■ **Records shown**
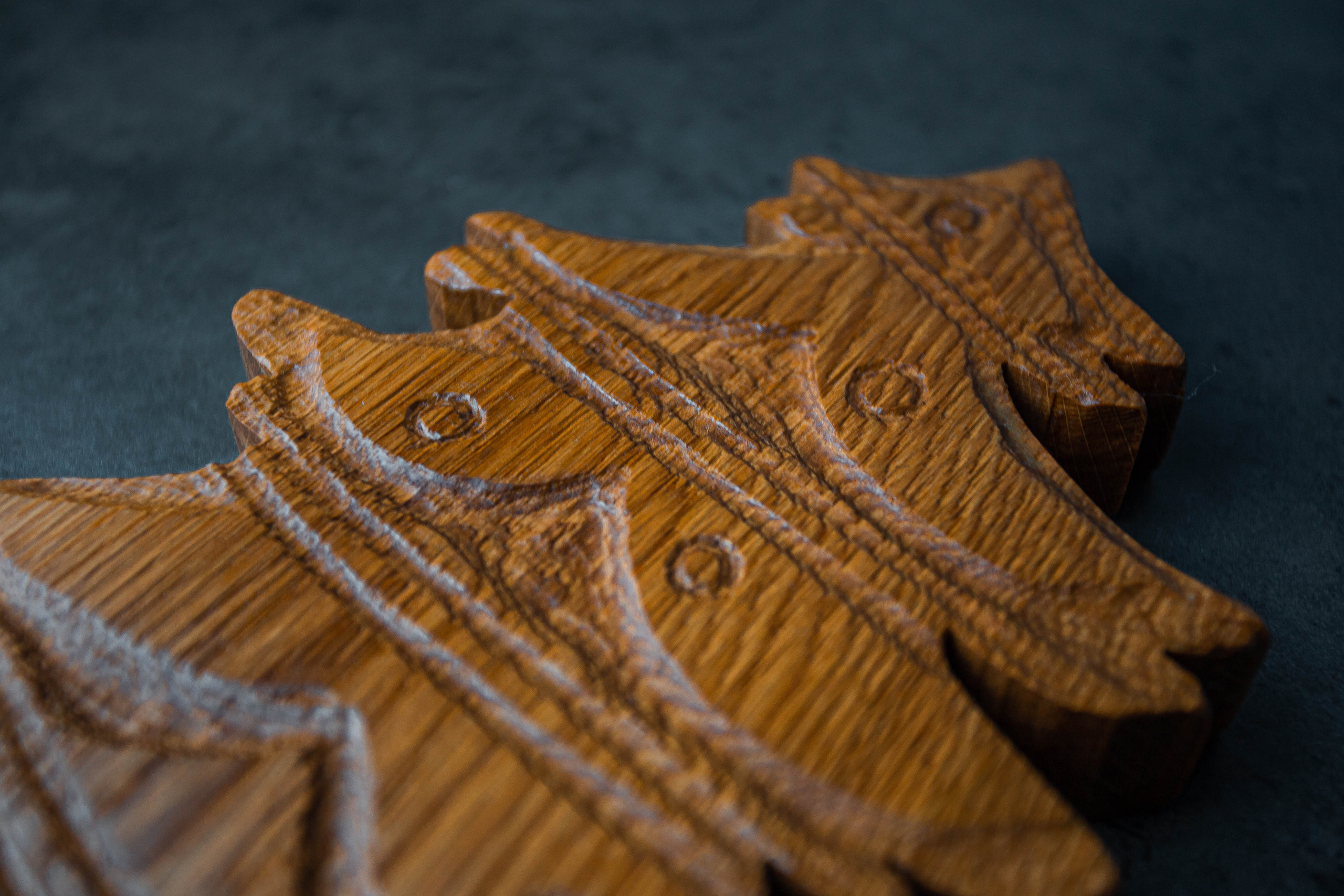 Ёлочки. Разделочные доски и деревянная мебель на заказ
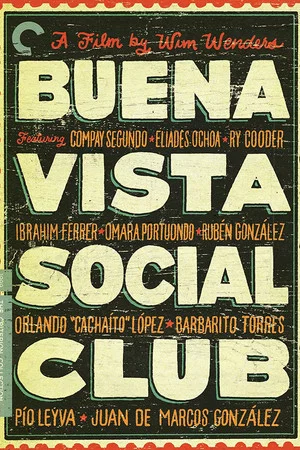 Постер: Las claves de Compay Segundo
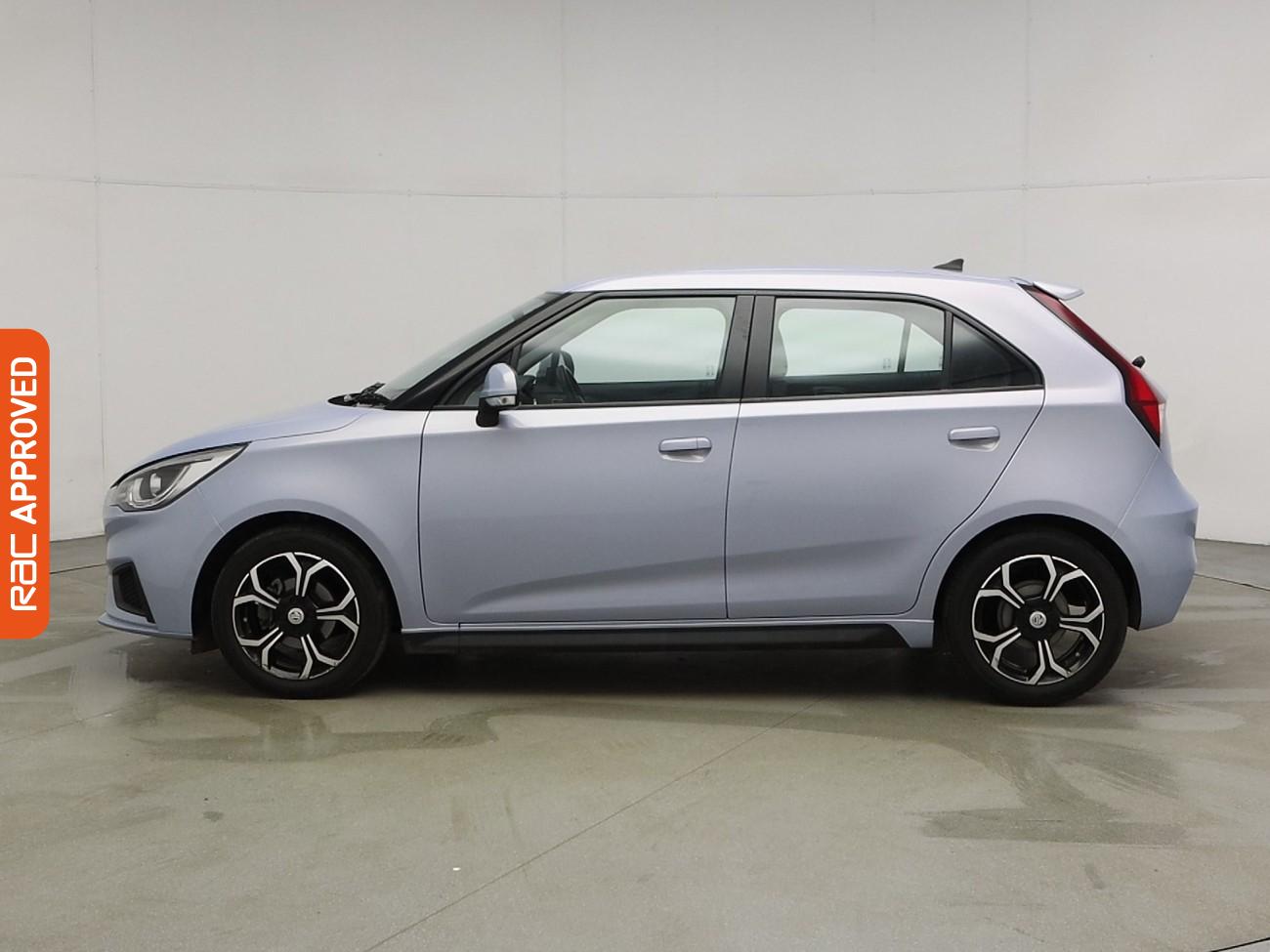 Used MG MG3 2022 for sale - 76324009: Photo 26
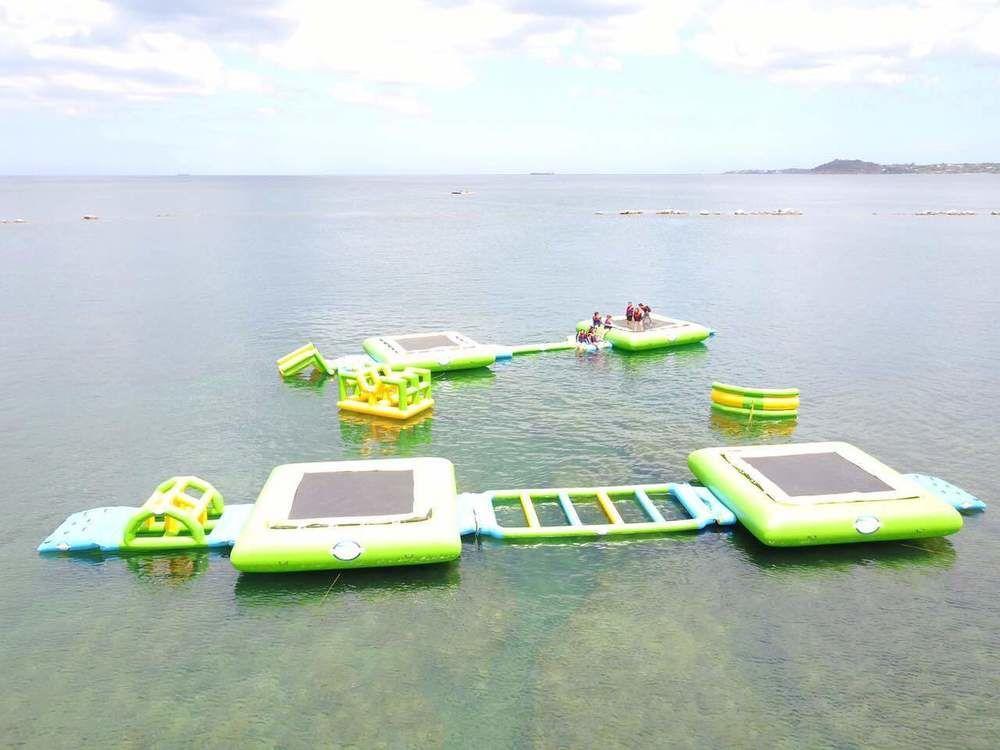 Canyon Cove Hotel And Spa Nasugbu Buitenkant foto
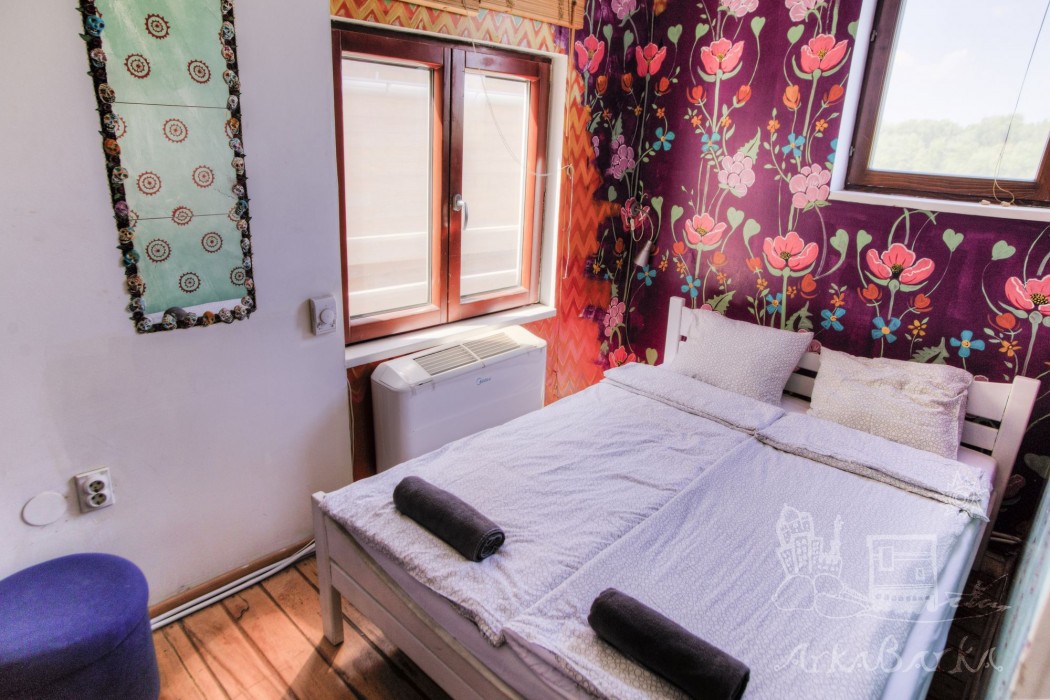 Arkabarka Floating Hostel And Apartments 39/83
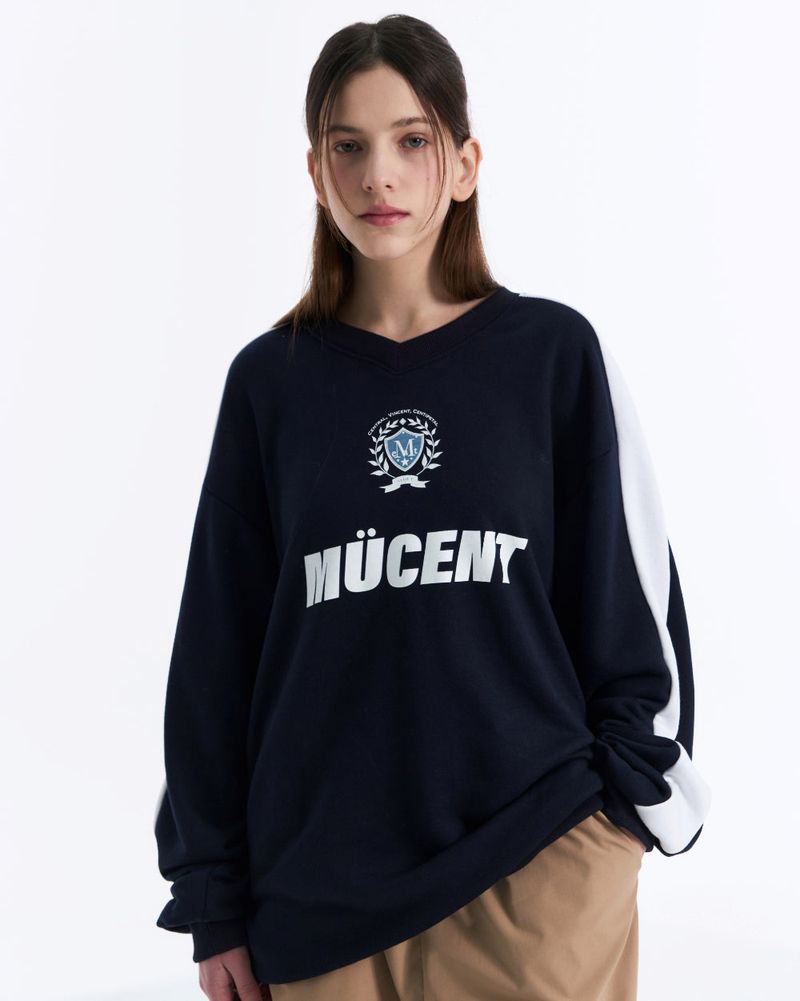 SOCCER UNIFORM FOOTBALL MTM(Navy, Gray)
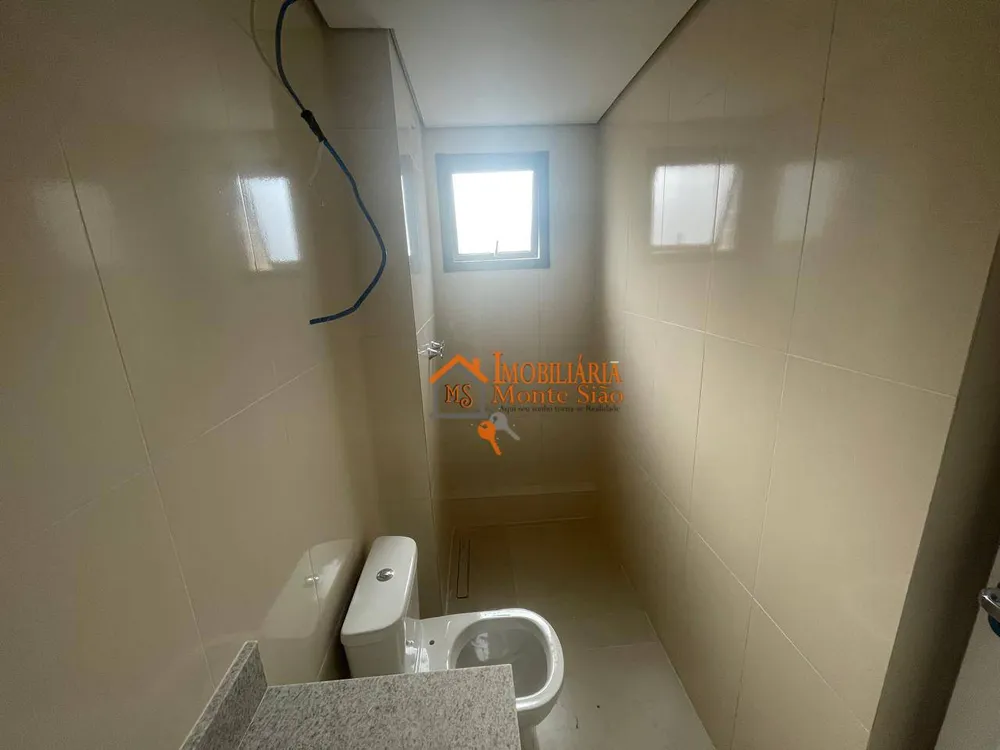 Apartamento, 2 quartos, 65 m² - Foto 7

■ **What is being asked**
Leave out the pictures, and write out exactly the lines from the line containing "Canyon Cove Hotel" through the end of the records above.

■ **Answer for the task**
 Canyon Cove Hotel And Spa Nasugbu Buitenkant foto
 Arkabarka Floating Hostel And Apartments 39/83
 SOCCER UNIFORM FOOTBALL MTM(Navy, Gray)
 Apartamento, 2 quartos, 65 m² - Foto 7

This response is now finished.